First, we train the model as in the example:
from pyspark import SparkContext
from pyspark.mllib.feature import Word2Vec
sc = SparkContext()
inp = sc.textFile("text8_lines").map(lambda row: row.split(" "))
k = 220 # vector dimensionality
word2vec = Word2Vec().setVectorSize(k)
model = word2vec.fit(inp)
k
is the dimensionality of the word vectors - the higher the better (default value is 100), but you will need memory, and the highest number I could go with my machine was 220. (EDIT: Typical values in the relevant publications are between 300 and 1000)
After we have trained the model, we can define a simple function as follows:
def getAnalogy(s, model):
qry = model.transform(s[0]) - model.transform(s[1]) - model.transform(s[2])

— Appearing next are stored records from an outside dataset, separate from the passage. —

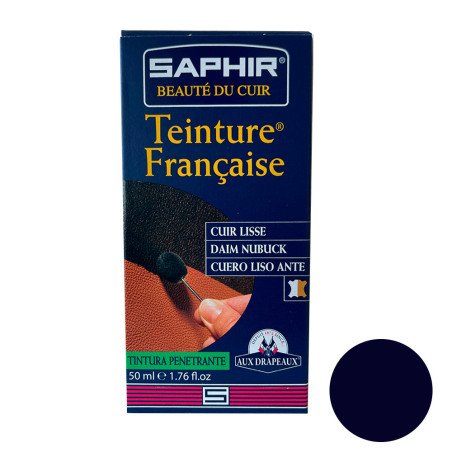 Teinture française cuir, daim & nubuck bleu marine 50ml Saphir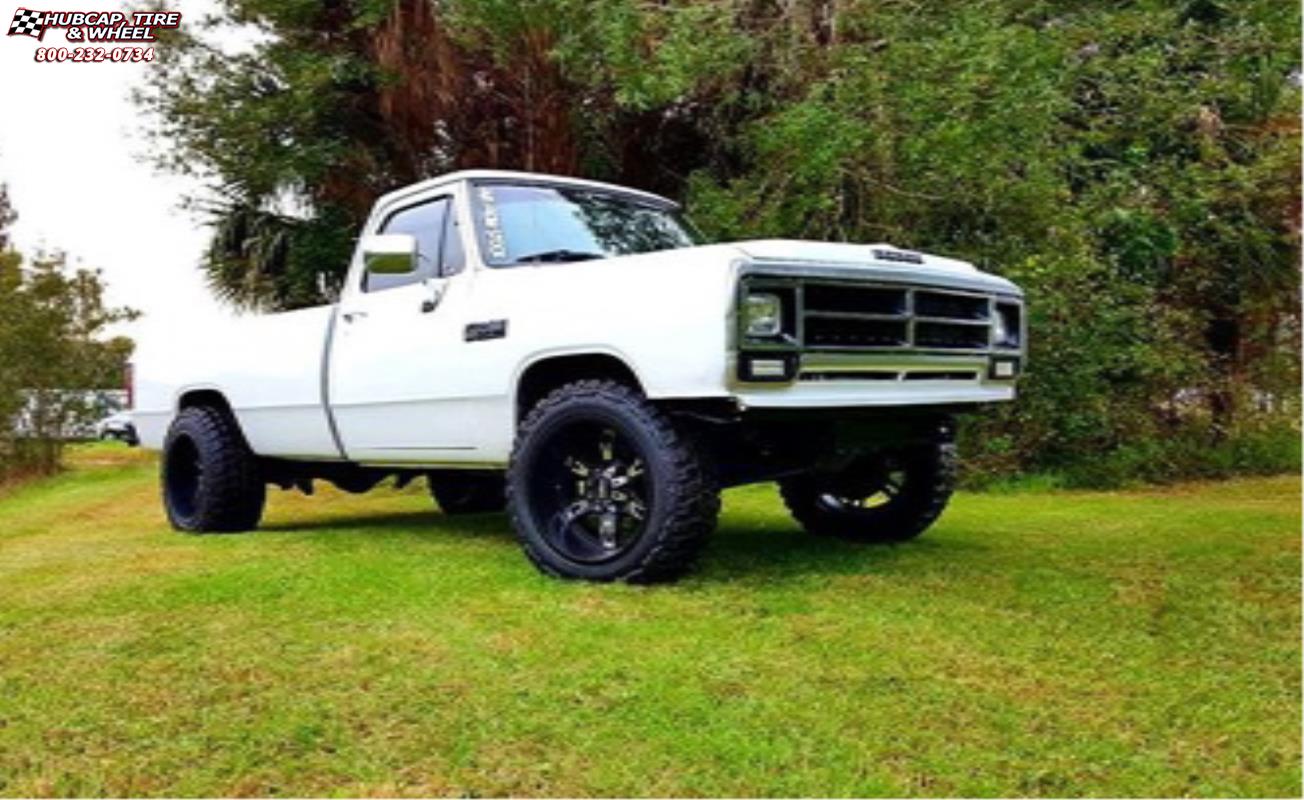 vehicle gallery/dodge ram 150 moto metal mo969  Satin Black Silver Accents wheels and rims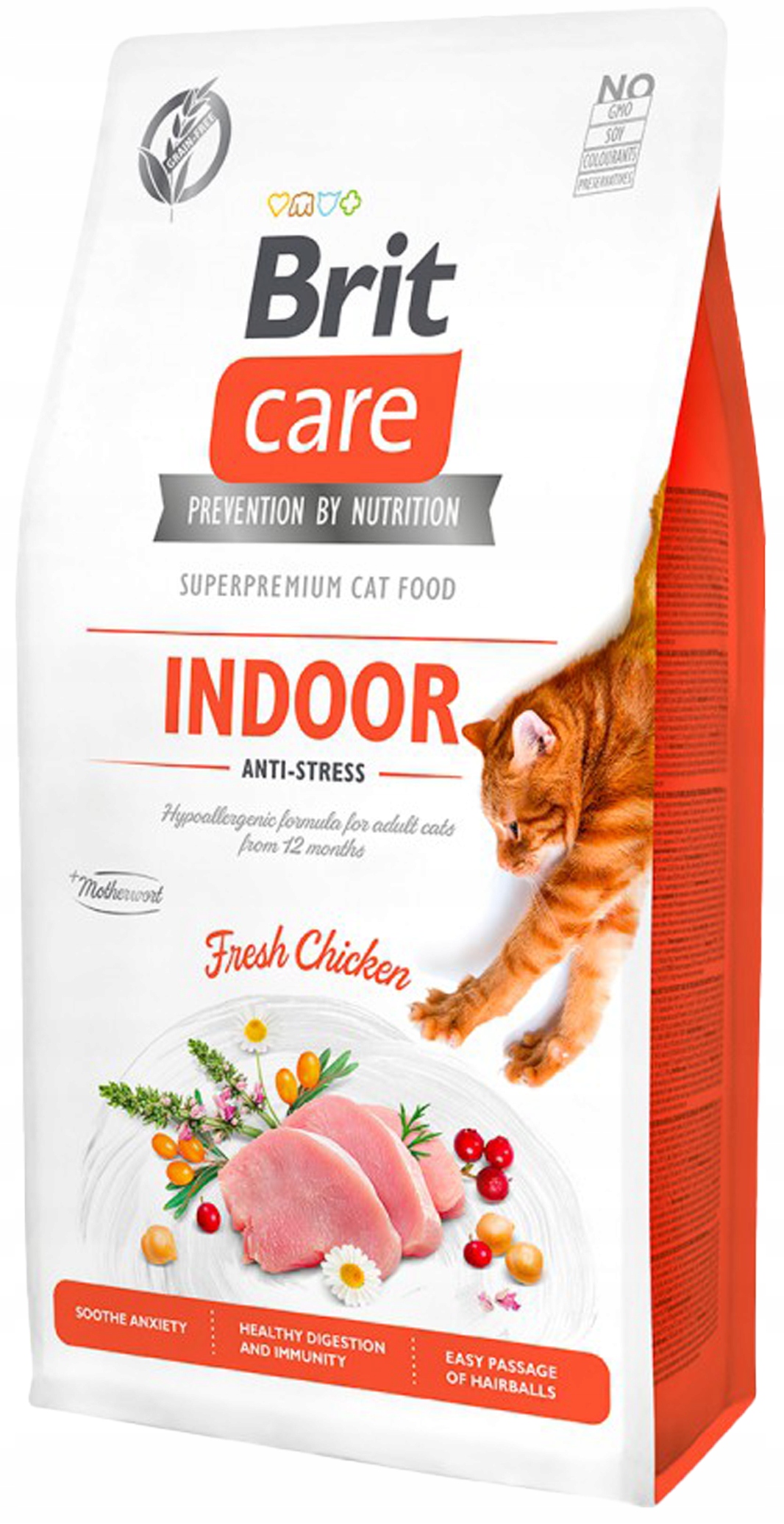 Levně Brit Care Indoor Suché Krmivo pro kočky 2 kg Anti-Stress Kuře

res = model.findSynonyms((-1)*qry,5) # return 5 "synonyms"
res = [x[0] for x in res]
for k in range(0,3):
if s[k] in res:
res.remove(s[k])
return res[0]
Now, here are some examples with countries and their capitals:
s = ('france', 'paris', 'portugal')
getAnalogy(s, model)
# u'lisbon'
s = ('china', 'beijing', 'russia')
getAnalogy(s, model)
# u'moscow'
s = ('spain', 'madrid', 'greece')
getAnalogy(s, model)
# u'athens'
s = ('germany', 'berlin', 'portugal')
getAnalogy(s, model)
# u'lisbon'
s = ('japan', 'tokyo', 'sweden')
getAnalogy(s, model)
# u'stockholm'
s = ('finland', 'helsinki', 'iran')
getAnalogy(s, model)
# u'tehran'
s = ('egypt', 'cairo', 'finland')
getAnalogy(s, model)
# u'helsinki'
The results are not always correct - I'll leave it to you to experiment, but they get better with more training data and increased vector dimensionality k
.
The for
loop in the function removes entries that belong to the input query itself, as I noticed that frequently the correct answer was the second one in the returned list, with the first usually being one of the input terms.